What this task involves: Set down the data below in full and exactly, minus the pictures.

Collected material:
○ ○ ○ ○
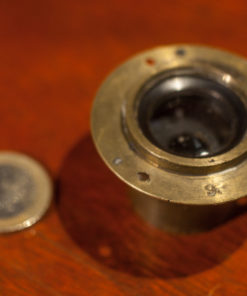 Small Brass lens from the 1900s with mounting flange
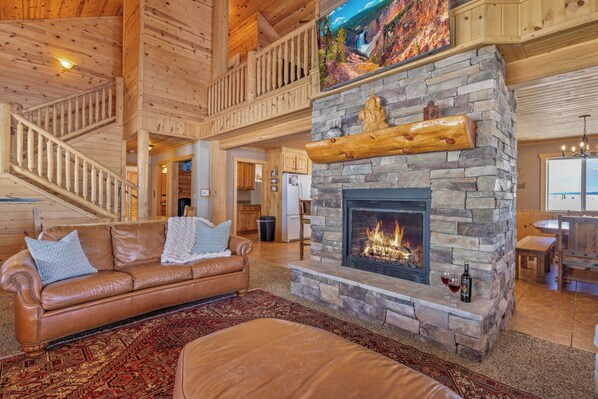 A spacious living room with a stone fireplace, leather sofa, and a high ceiling with wooden beams. - Liberty Lodge (Island Park)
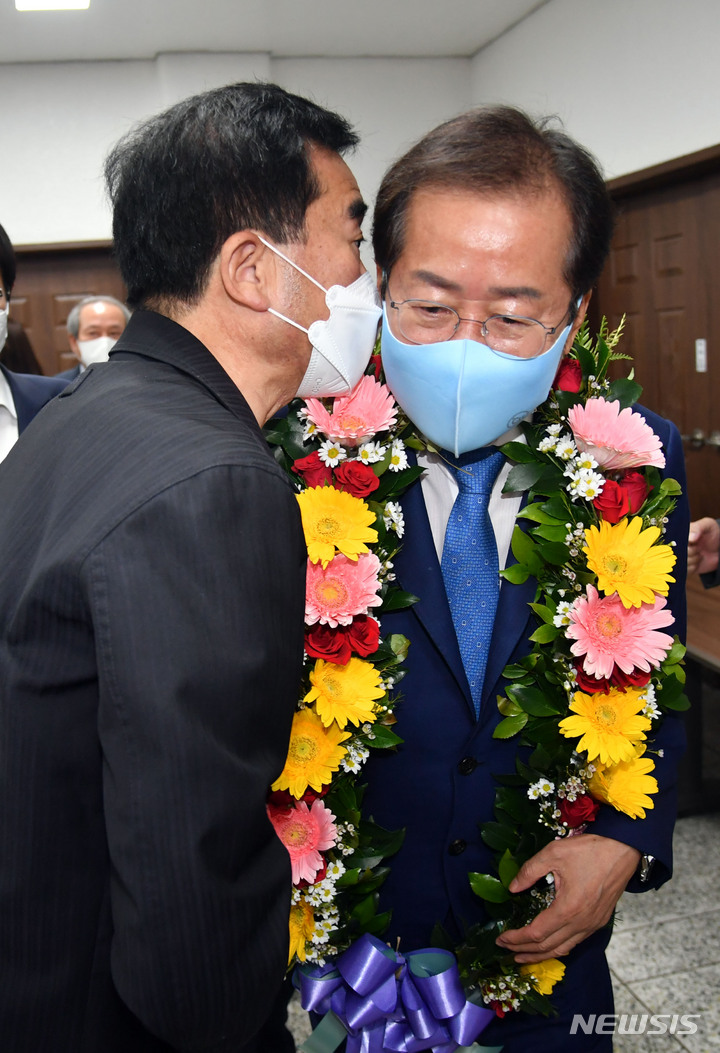 [부산=뉴시스] 하경민 기자 = 홍준표 국민의힘 대선 경선 예비후보가 3일 오전 부산 수영구 부산시당에서 열린 jp희망캠프 부산 선대위 임명장 수여식에 참석, 꽃목걸이를 걸고 행사장에 입장하면서 지지자와 대화하고 있다. 2021.10.03. yulnetphoto@newsis.com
○ ○ ○ ○
Solved problem:
 Small Brass lens from the 1900s with mounting flange
 A spacious living room with a stone fireplace, leather sofa, and a high ceiling with wooden beams. - Liberty Lodge (Island Park)
 [부산=뉴시스] 하경민 기자 = 홍준표 국민의힘 대선 경선 예비후보가 3일 오전 부산 수영구 부산시당에서 열린 jp희망캠프 부산 선대위 임명장 수여식에 참석, 꽃목걸이를 걸고 행사장에 입장하면서 지지자와 대화하고 있다. 2021.10.03. yulnetphoto@newsis.com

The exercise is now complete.